===== TASK MATERIAL =====

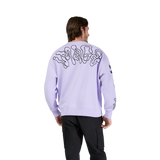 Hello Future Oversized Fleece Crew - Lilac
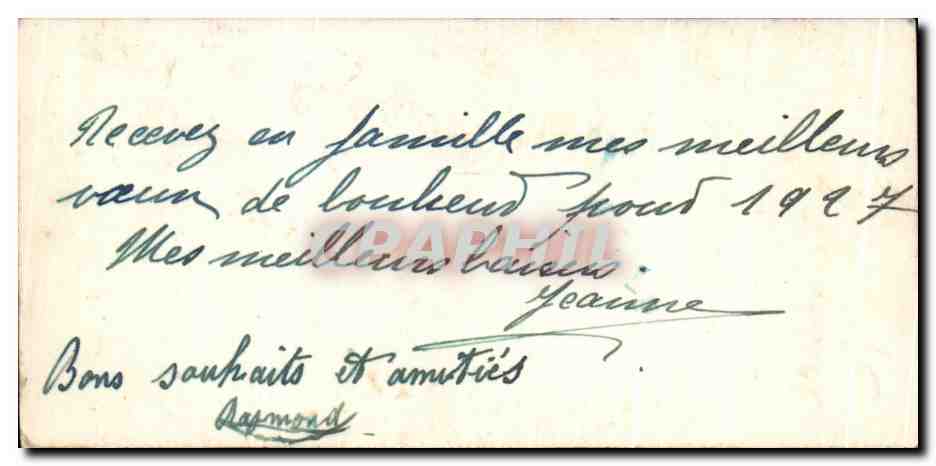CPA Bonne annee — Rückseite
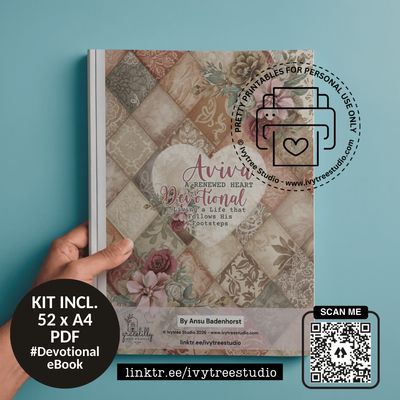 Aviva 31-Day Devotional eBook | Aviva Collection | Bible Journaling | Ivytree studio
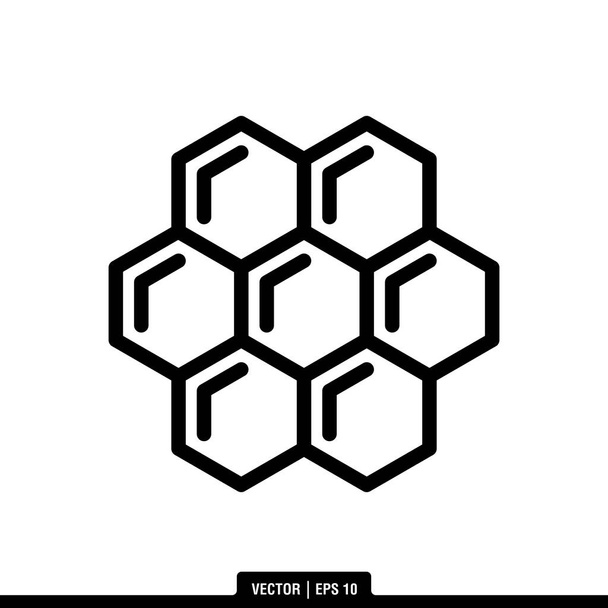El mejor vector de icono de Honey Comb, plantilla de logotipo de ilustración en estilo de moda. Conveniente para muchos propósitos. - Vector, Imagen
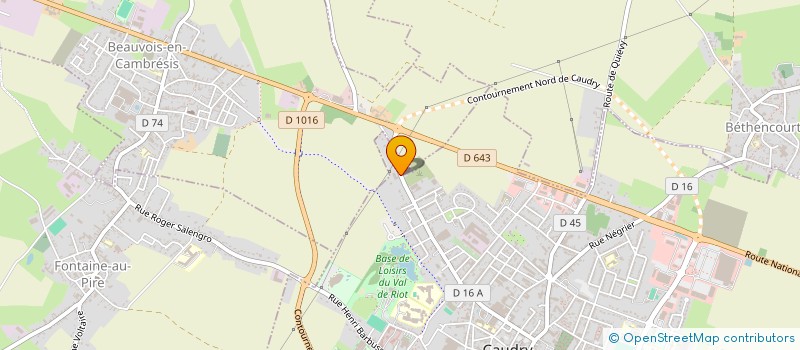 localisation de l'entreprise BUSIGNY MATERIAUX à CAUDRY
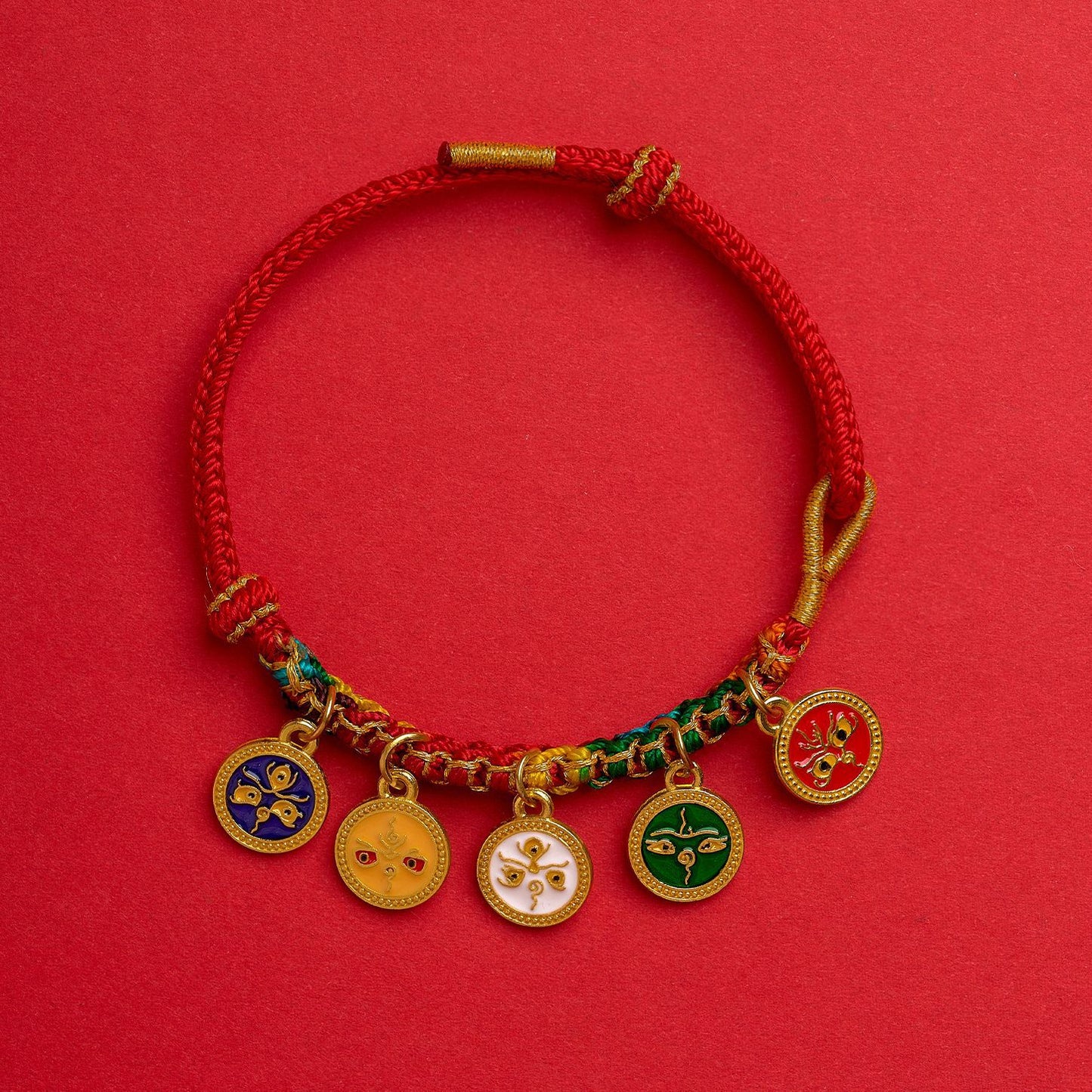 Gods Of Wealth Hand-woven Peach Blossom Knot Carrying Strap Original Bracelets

=====
===== TASK MATERIAL =====

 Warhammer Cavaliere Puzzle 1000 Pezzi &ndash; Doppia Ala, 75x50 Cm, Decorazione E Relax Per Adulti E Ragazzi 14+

=====

**DIRECTIONS**
Return exactly the stretch above whose first line contains "CPA Bonne annee — Rückseite" and whose last line contains "Gods Of Wealth", and nothing outside it. The pictures should not appear.

**SOLUTION TO THIS EXERCISE**
CPA Bonne annee — Rückseite
 Aviva 31-Day Devotional eBook | Aviva Collection | Bible Journaling | Ivytree studio
El mejor vector de icono de Honey Comb, plantilla de logotipo de ilustración en estilo de moda. Conveniente para muchos propósitos. - Vector, Imagen
 localisation de l'entreprise BUSIGNY MATERIAUX à CAUDRY
 Gods Of Wealth Hand-woven Peach Blossom Knot Carrying Strap Original Bracelets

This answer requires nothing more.